They start a good 'ol country song with the French national anthem(2:20)?
No Way Jose.
Those are the grayest black kids I've ever seen.
Their lip-synching is worse than Milli Vanilli.
That's right, children of the world, Jesus loves YOU. Whether you're Belgian, Argonian, Swedish, Spanish, Australian, Austrian and everything in between (including you crazy letter Z-starting countries I've neglected to mention). Whether your musical scales are tritonic, pentatonic or heptatonic, major or minor. Whether you wear pointy hats, parachute pants or the sacred hawk feathers that carry within them, the spirits of your honored ancestors (who may or may not be Jesus). Jesus loves all of you!
Except the little Arab children, sorry. In 1982, Jesus Court made the ruling that these poor souls are not actually human children, but a kind of fish. This hereby absolves Jesus of the responsibility of loving them. This also means that they can be eaten during Lent.
Five stars for "Argonian".
Pity that I already voted, so they will have to be merely honorary.
*cue theme from "Shaft" as run through a Casio keyboard with vocals straight out of a bag of Wonder Bread*
Oh shit. "Red" means Indians, not communists.
Minor revelation here.
It ain't easy being white
|Sean Robinson |
I like the Neil Young "Broken Arrow"-esque breakdowns into the chorus.

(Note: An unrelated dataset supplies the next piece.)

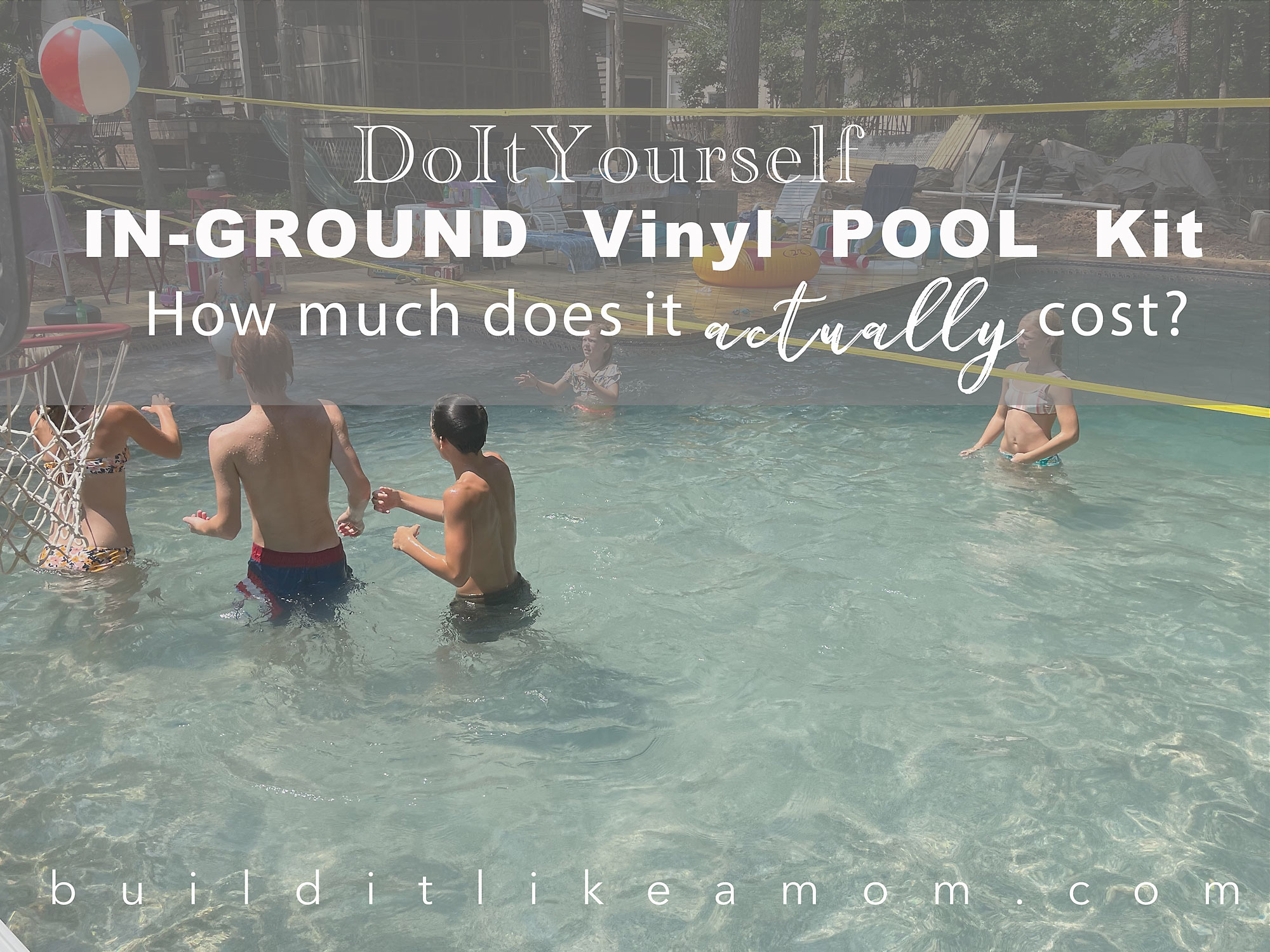 Video: How Much Does it Actually Cost to Build Your Own In-Ground Pool?!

Blaaaaaaaaaack just sounded ominous.
Sweet Jesus. A Spanish hat on the Messuicano... and "black" sounded like they were coughing up furballs.
But I fear that I must remove a star because the French were not green.
I literally was so taken aback by the black kids segment that I felt light headed. It's so innocently offensive that you almost feel bad for the naive churchgoers who orchestrated the whole mess. Almost.